Day-in and day-out, countless environmental professionals all over America are doing the essential work of the LDAR Industry. The owners of the facilities in which they are working, the contract organizations by whom they are employed and the children who breathe the air in the parks down the street are all relying on them to perform their duties with diligence and integrity.
The challenge of the LDAR Industry has always been that it was easier to allow yourself to think that the monitoring was done properly and thoroughly than it was to confirm that it was. The fact that a traditional LDAR database was fully populated with all the scheduled monitoring results was seen by far too many for far too long as sufficient evidence of compliance.
Boy, how things have changed.
The regulatory agencies have become far more sophisticated in their auditing procedures. The “appearance of compliance” no longer survives as a measure of program success.

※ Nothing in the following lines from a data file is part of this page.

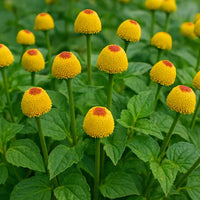 Gelb Spilanthes Blumensamen zur Aussaat – farbenfroh Schau – Traditionssorte & ohne Gentechnik Samen Hausgarten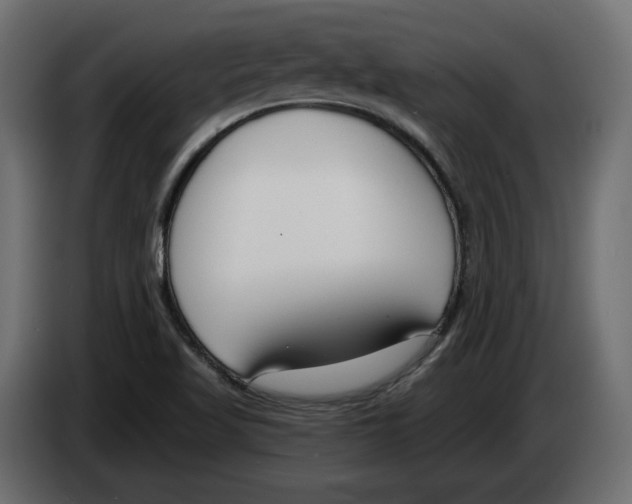 X0000083071509200703022145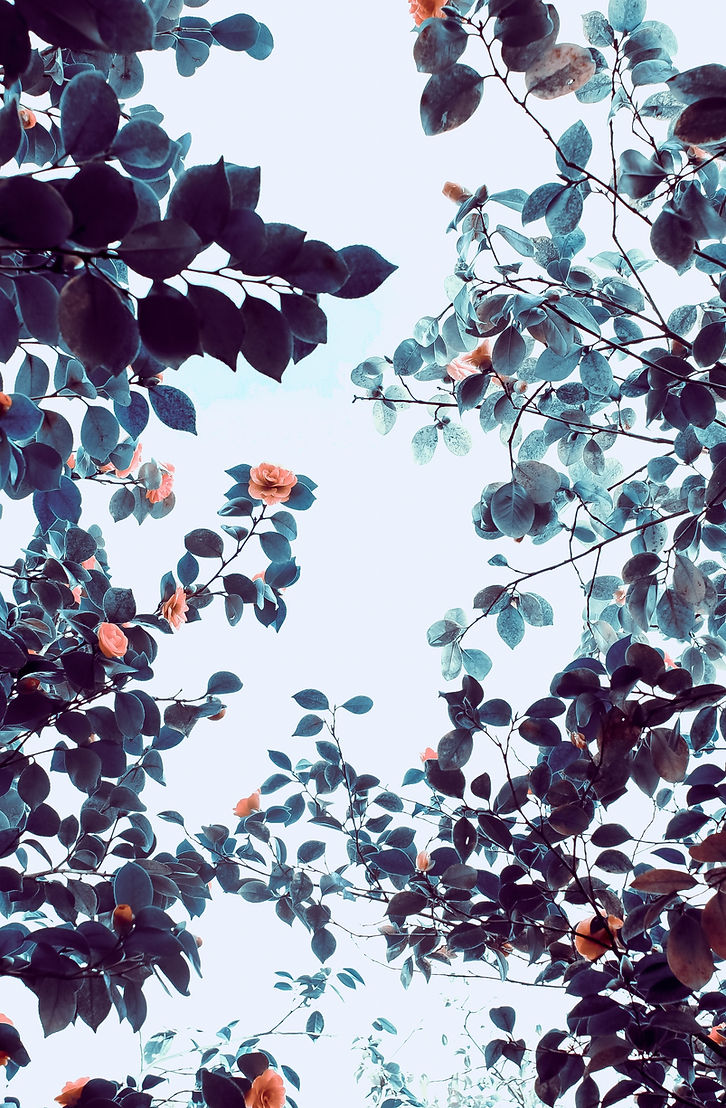 Serene forest scenery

More robust
expectations and requirements have been codified in one EPA consent decree after another.
EPA Section 114 requests have given the regulators an important tool to dig deeper and faster into the mountain of data to look for those important signs that lead to confidence about the integrity of the program and its technicians.
At the same time, the advent of new technology such as the TVA 1000B Bluetooth and phx21 devices have laid the ground work for the facility owners and contractor management to mine the data much more quickly to make their own assessments and tailor their own efforts and responses to maximizing the level of compliance success. Nothing has done more for advancing the reliability of Method 21 efforts than the introduction of handheld computers that quickly followed the dawn of the LDAR Bluetooth age.
In future blogs, we will address and then focus on the advancements in LDAR compliance, confidence and efficiency that this new age of LDAR has made possible.